What you should do: For this exercise, reproduce only the lines from the one holding "Design-Space-Creation" through the final line of the data below, exactly, and omit pictures.

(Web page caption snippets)

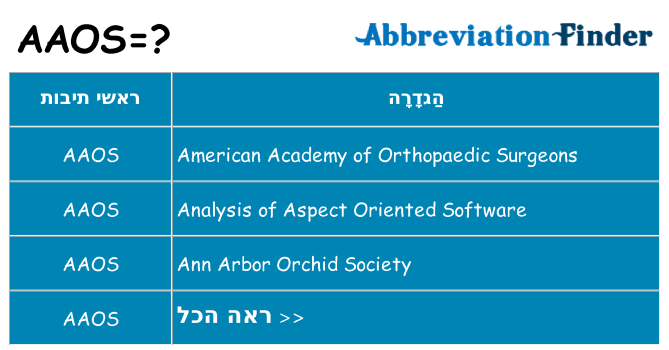 מה הפירוש aaos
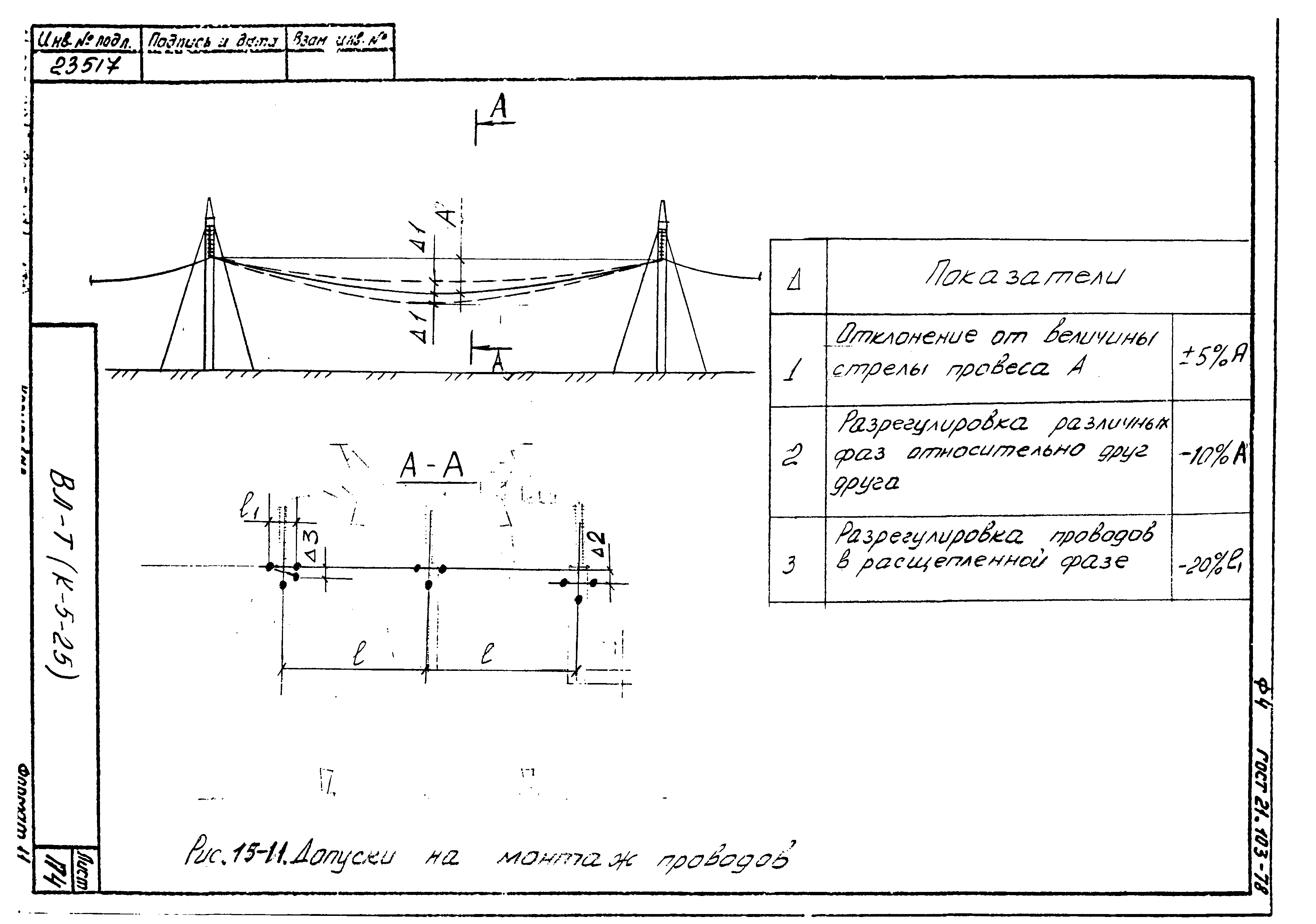 Технологическая карта К-5-25-15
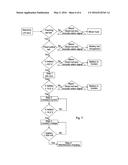 Apparatus And Method For Charging Batteries diagram and image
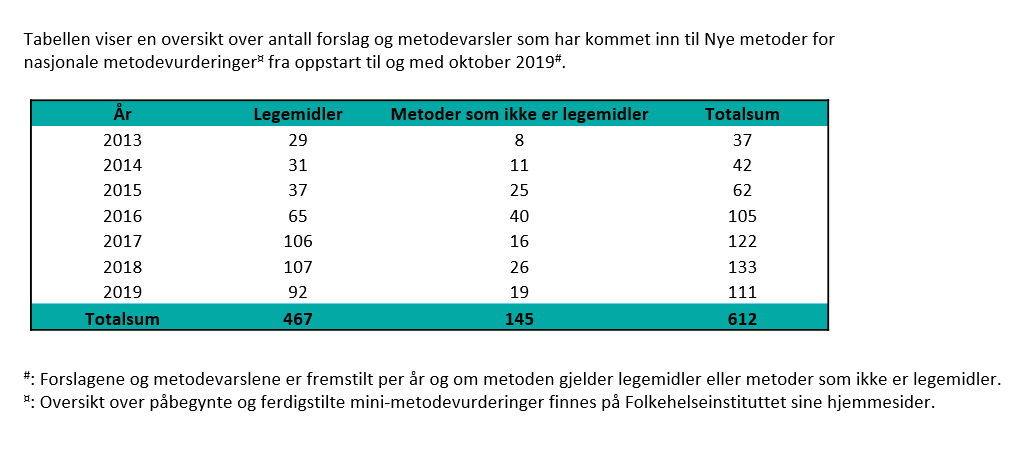 Totalt antall forslag november 2019.png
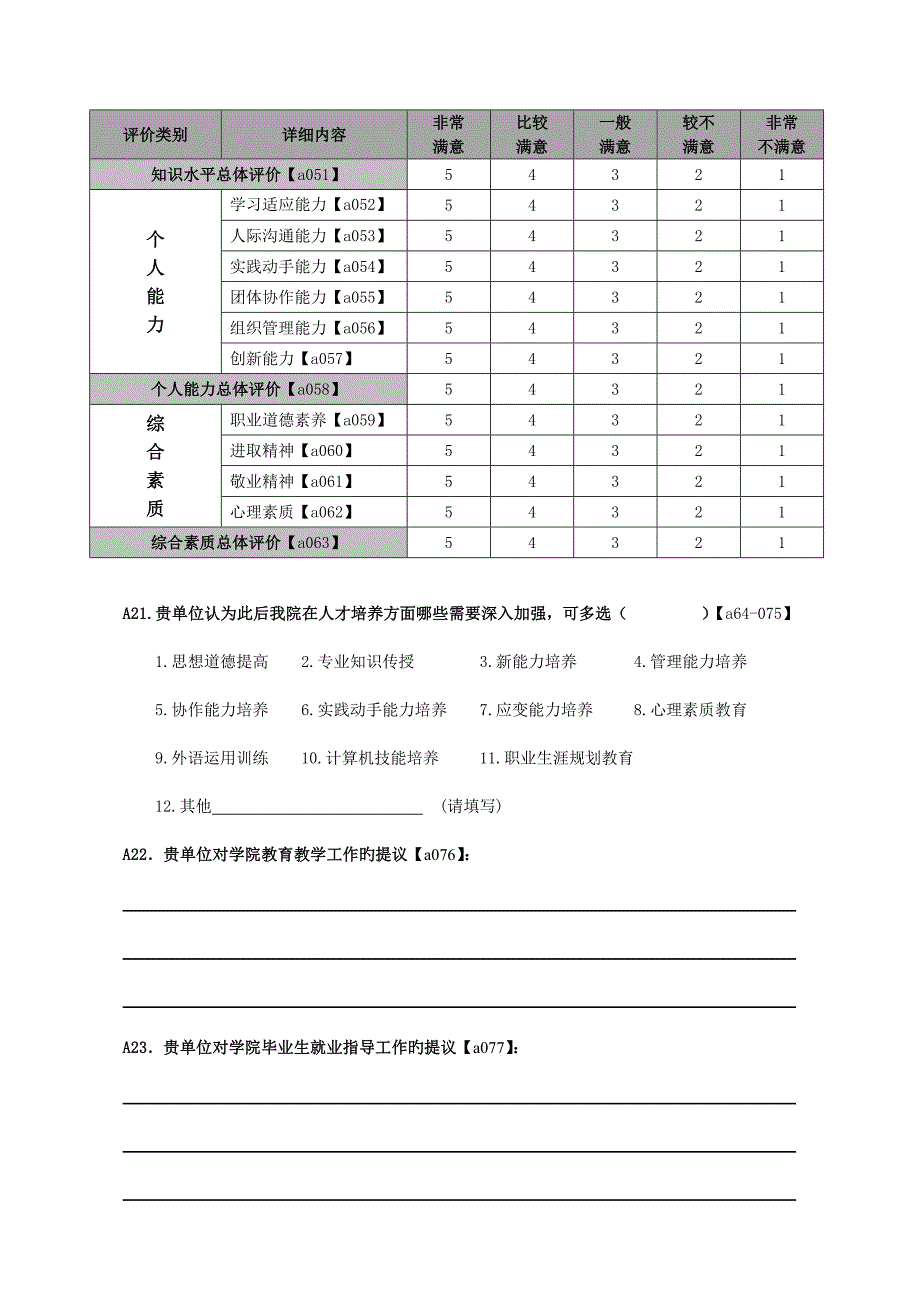 汕头职业技术学院毕业生就业质量跟踪调查问卷用人单位填写.doc_第5页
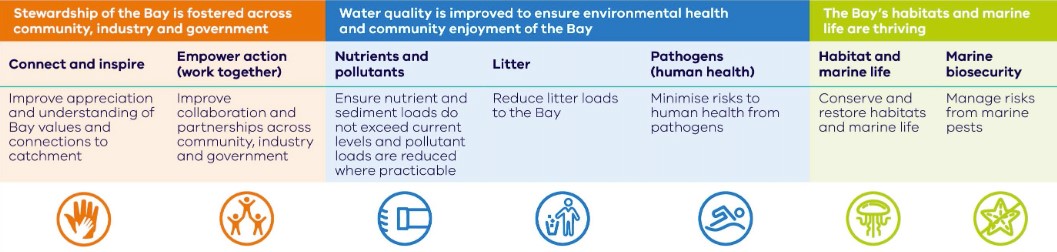 Image displaying the EMP goals, priority areas and strategies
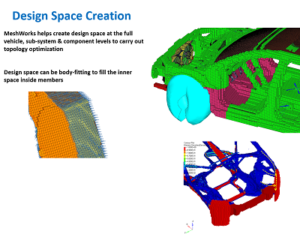 Design-Space-Creation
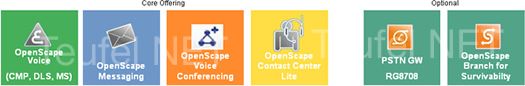 OpenScape UC Server Xpress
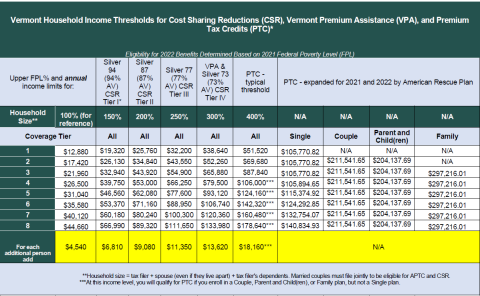 2022 Eligibility Tables Vermont Health Connect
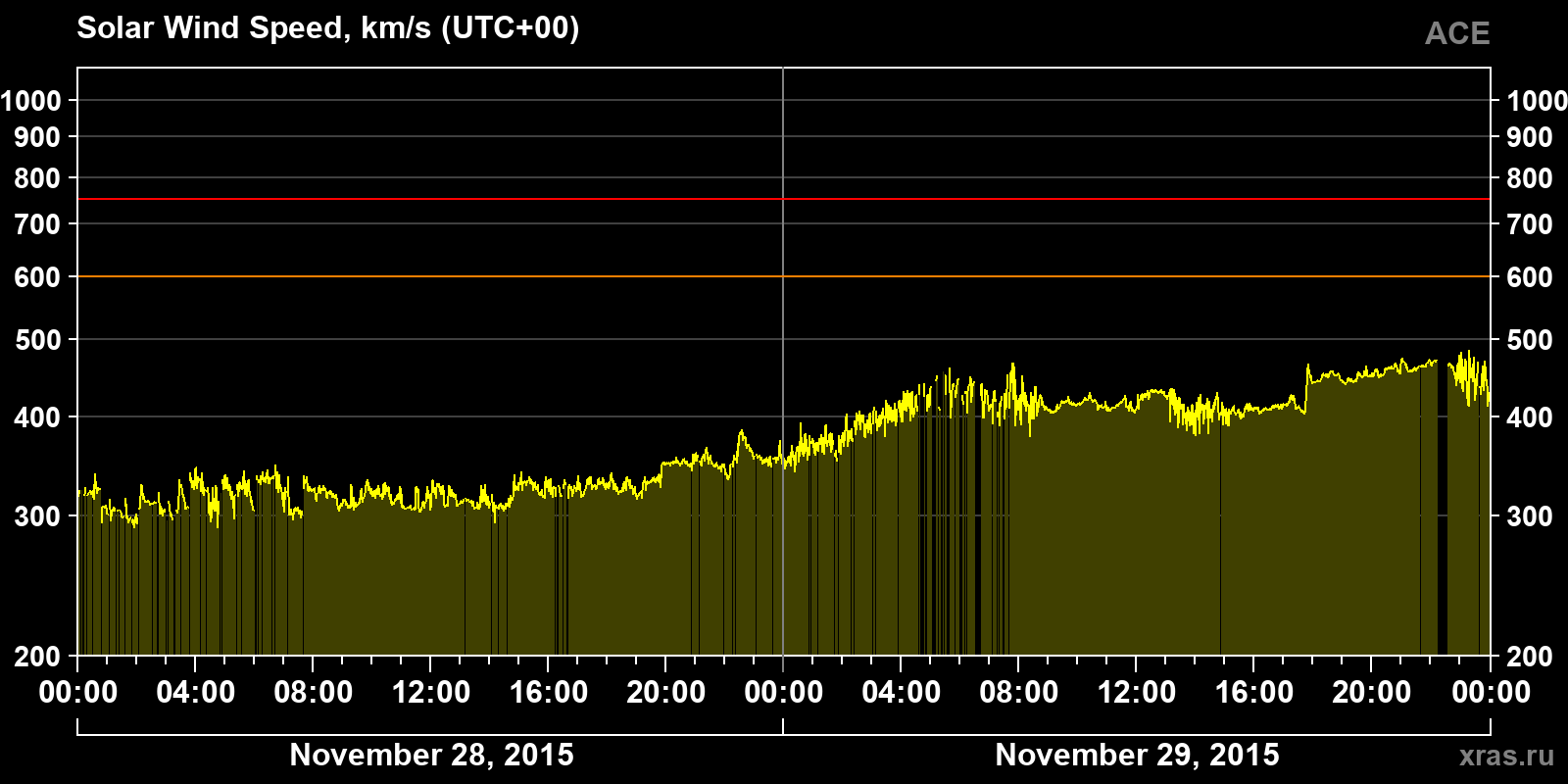 Solar wind speed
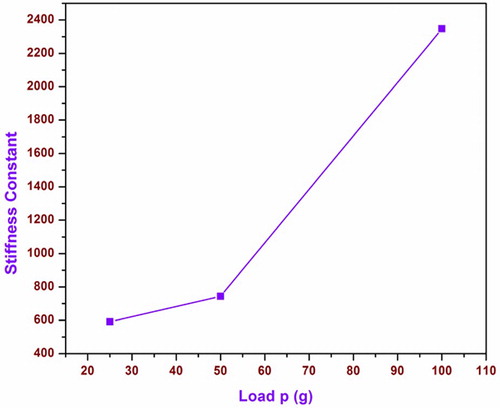 Figure 19. The graph between load P and stiffness constant.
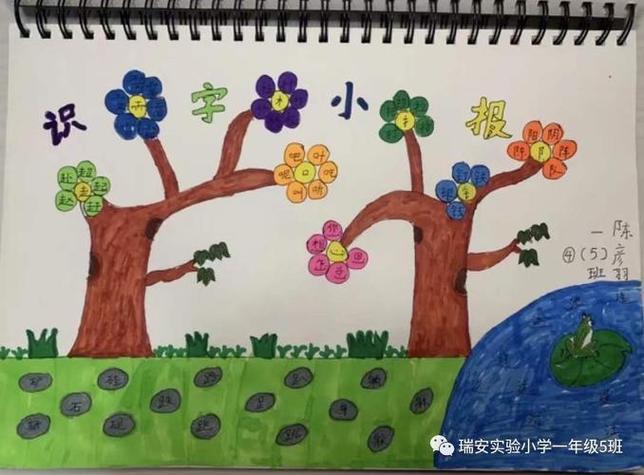 幼儿园手抄报两岁特别简单的手抄报简单的手抄报简笔画幼儿园手抄报 幼儿园手抄报两岁特别简单的手抄报简单的手抄报简笔画幼儿园手抄报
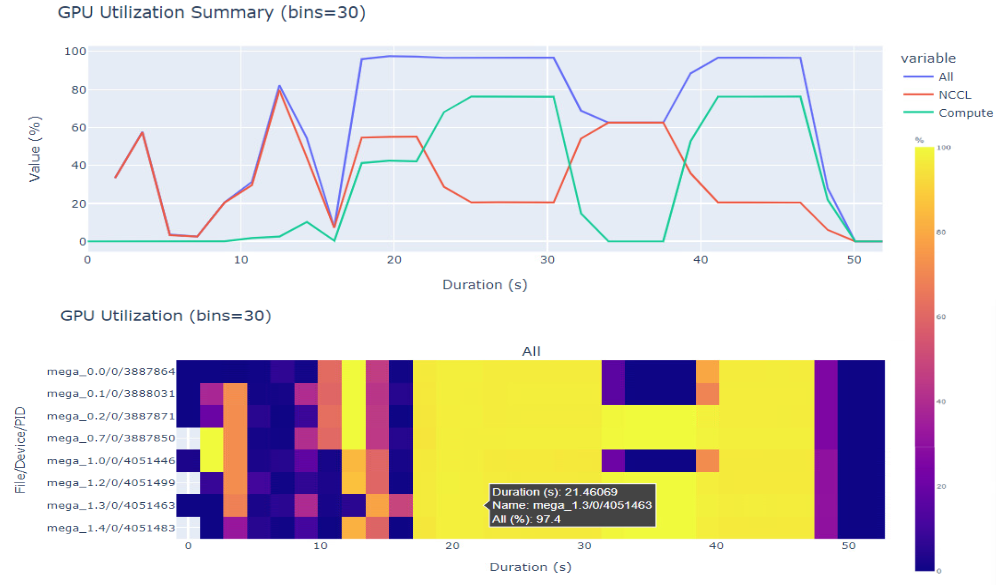 Image of a GPU performance profile captured by Nsight Cloud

Your response:
 Design-Space-Creation
 OpenScape UC Server Xpress
 2022 Eligibility Tables Vermont Health Connect
 Solar wind speed
 Figure 19. The graph between load P and stiffness constant.
 幼儿园手抄报两岁特别简单的手抄报简单的手抄报简笔画幼儿园手抄报 幼儿园手抄报两岁特别简单的手抄报简单的手抄报简笔画幼儿园手抄报
 Image of a GPU performance profile captured by Nsight Cloud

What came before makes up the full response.